Hi my dear forum friends!
It's snowing outside again today. When the snowflakes fall I'm always happy whether inside admiring it, or outside in the peaceful splendour. I've told you a lot about that before so I won't talk about the same things to do with the glories of snow. Some of you know them first-hand, because you live where the snow falls, and some of you live where it's hot, and can only imagine. Well, snow has a lot to do with Canada, as I'm sure you know. There is nobody here who hasn't experienced snow, although Vancouver Island has been called Canada's Mediterranean, it still gets snow from time to time.
My daughter in Vancouver told me that there are plum blossoms in bloom. They've had some snow there recently and they are so unused to it that they usually have lots of car accidents. They don't know how to change their driving for snow, and their cars don't have the right tires, either. My daughter in Victoria also wishes for snow, but is getting rain now instead. They had snow, but as they are on Vancouver Island it was a rarity.
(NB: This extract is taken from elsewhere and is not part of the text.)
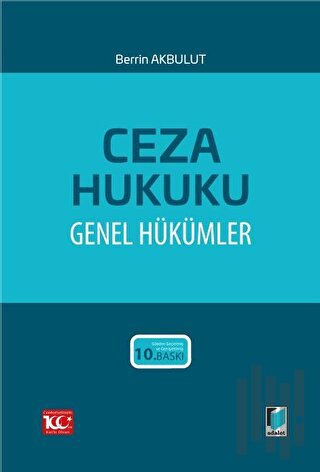 Ceza Hukuku Genel Hükümler (Ciltli)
The news has been full of reports of avalanches. People go up into the mountains in the back country. They take snow boards or skis, or snow mobiles. When the weather is as it is now ,avalanches are a danger if you disturb the snow pack. Thousands of tons of snow can begin to slide, roaring down the mountain, pushing air before them to create a wind, even breaking down trees as it roars down with the people who have caused it. The weather is beautiful, the scenery heavenly, the air pure and cold, and they feel like eagles as they soar and swoop over the virgin snow on their snowboards or skis -- or even their noisy, smelly snow mobiles. When the weather isn't as pleasant, with lots of snow falling is often most dangerous time, but those people don't want to be out then. The snow may make strange noises and show signs of shifting and rolling but no one is there to be buried, because it isn't pleasant enough.
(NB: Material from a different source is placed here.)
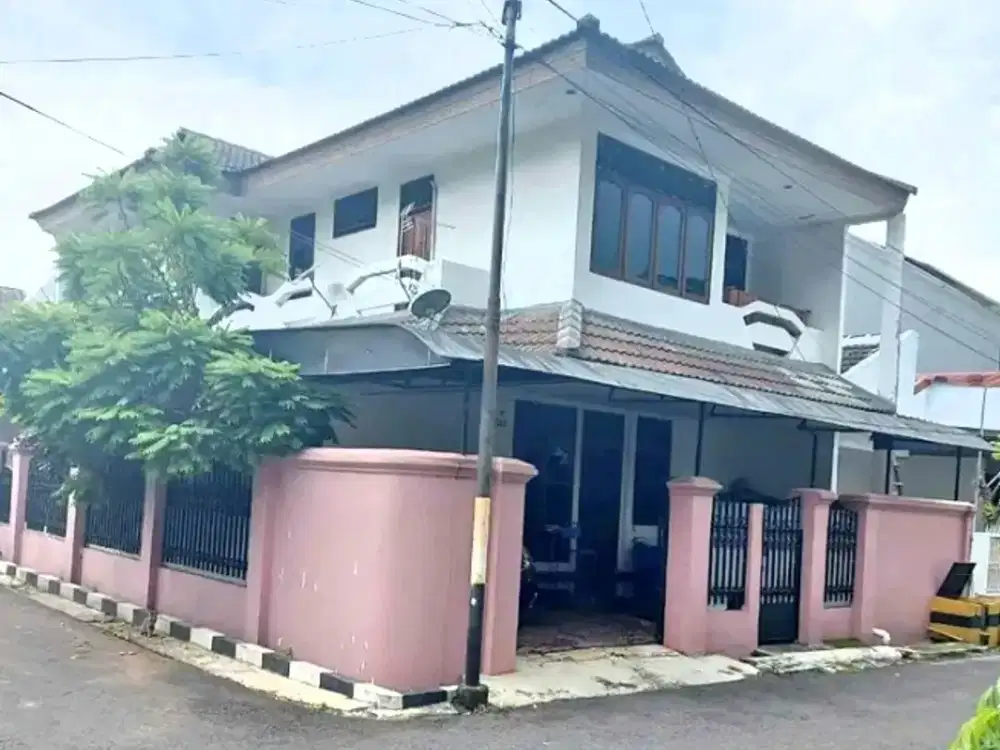 TURUN HARGA !!! Rumah Hook Di Taman Buaran Indah 1 Duren Sawit Jaktim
But when the weather looks beautiful, and there has been a bit of a thaw and then lots of new powder snow fell, that is when they make dangerous mis-judgements, and so then we have avalanche deaths. And there have been lots lately. People are advised not to go off the safe snow ski runs that have been tested, but they often just can't resist the lure of skiing in pristine, newly fallen powder snow -- considered to be the best. As the mountain begins to send its huge, wide swath of snow down under them without any warning sounds, they are supposed to try to keep an air pocket in front of their faces by holding their arms and hands up in case they are buried. They are also supposed to back stroke as though in water, to try to stay on top. They carry electronic instruments that emit beeps if they are buried. That's how they can be found.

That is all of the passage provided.